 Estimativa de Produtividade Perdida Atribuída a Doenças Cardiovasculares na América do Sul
...
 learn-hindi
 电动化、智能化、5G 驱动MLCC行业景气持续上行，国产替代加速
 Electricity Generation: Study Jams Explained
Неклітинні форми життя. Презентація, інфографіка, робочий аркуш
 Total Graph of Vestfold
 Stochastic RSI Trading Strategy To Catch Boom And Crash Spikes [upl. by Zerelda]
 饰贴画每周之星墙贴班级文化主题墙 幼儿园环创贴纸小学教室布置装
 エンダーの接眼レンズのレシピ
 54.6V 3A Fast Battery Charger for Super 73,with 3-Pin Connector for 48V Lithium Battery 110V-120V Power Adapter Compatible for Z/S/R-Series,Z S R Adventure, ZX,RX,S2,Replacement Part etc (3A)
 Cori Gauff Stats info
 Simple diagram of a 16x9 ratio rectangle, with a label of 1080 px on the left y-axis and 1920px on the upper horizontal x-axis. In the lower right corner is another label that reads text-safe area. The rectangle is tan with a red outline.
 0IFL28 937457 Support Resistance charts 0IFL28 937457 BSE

> [Task instructions]: Would you retype exactly the lines above, from the line with "Simple diagram of" to the line with "0IFL28 937457 Support", with both end lines kept and nothing more?

> [Answer for the task]:
 Simple diagram of a 16x9 ratio rectangle, with a label of 1080 px on the left y-axis and 1920px on the upper horizontal x-axis. In the lower right corner is another label that reads text-safe area. The rectangle is tan with a red outline.
 0IFL28 937457 Support Resistance charts 0IFL28 937457 BSE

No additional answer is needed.